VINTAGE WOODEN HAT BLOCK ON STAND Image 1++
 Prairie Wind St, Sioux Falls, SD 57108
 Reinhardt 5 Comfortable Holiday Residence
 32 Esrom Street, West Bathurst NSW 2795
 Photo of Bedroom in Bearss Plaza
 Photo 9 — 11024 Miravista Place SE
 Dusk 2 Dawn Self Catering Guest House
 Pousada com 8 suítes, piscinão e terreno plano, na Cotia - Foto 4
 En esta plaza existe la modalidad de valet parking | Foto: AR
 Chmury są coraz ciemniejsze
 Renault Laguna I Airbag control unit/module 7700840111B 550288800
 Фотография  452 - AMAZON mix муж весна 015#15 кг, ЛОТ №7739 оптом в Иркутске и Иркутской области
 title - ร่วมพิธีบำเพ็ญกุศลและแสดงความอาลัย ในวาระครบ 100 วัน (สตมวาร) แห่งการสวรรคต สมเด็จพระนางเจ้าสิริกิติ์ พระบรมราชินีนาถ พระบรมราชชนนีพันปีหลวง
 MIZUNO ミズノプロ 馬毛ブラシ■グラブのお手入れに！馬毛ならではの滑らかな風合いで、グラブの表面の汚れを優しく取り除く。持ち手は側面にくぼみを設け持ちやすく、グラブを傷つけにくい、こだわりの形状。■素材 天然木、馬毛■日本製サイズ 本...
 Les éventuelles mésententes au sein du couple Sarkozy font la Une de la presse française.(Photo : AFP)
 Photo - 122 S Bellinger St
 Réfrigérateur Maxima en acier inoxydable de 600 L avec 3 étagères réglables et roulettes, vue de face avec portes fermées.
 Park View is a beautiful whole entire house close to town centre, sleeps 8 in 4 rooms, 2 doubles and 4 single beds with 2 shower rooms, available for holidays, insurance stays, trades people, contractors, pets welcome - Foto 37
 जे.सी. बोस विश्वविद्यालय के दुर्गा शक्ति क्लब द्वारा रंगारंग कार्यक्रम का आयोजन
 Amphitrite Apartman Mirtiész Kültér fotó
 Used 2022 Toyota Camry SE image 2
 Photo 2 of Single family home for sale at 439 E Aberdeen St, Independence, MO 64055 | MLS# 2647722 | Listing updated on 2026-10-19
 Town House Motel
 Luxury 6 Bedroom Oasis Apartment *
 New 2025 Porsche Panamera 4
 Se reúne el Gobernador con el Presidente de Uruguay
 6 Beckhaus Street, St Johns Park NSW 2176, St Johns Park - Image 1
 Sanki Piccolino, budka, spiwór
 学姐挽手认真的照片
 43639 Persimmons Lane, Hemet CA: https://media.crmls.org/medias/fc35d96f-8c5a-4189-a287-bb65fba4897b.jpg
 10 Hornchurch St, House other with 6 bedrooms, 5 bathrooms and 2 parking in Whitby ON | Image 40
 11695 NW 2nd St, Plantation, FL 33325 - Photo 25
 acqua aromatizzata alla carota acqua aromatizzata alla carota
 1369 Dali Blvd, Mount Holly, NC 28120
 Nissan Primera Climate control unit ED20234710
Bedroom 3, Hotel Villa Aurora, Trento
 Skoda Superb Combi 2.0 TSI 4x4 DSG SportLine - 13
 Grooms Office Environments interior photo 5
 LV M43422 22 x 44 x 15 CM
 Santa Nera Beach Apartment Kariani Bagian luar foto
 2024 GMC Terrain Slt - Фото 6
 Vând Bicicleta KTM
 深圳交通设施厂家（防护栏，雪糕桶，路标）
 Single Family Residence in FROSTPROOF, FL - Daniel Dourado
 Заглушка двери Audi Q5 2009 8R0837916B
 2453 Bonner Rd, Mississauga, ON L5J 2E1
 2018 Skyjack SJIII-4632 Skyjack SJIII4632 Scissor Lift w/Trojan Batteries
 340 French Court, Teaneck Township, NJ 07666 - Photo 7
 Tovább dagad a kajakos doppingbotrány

- - - -

— EXERCISE BRIEF —
Within the listing above, the range opens at the line with "Bedroom 3, Hotel Villa Aurora, Trento" and closes at the line with "深圳交通设施厂家（防护栏，雪糕桶，路标）". Reproduce exactly the lines of that range, including both ends.

— ANSWER SECTION —
Bedroom 3, Hotel Villa Aurora, Trento
 Skoda Superb Combi 2.0 TSI 4x4 DSG SportLine - 13
 Grooms Office Environments interior photo 5
 LV M43422 22 x 44 x 15 CM
 Santa Nera Beach Apartment Kariani Bagian luar foto
 2024 GMC Terrain Slt - Фото 6
 Vând Bicicleta KTM
 深圳交通设施厂家（防护栏，雪糕桶，路标）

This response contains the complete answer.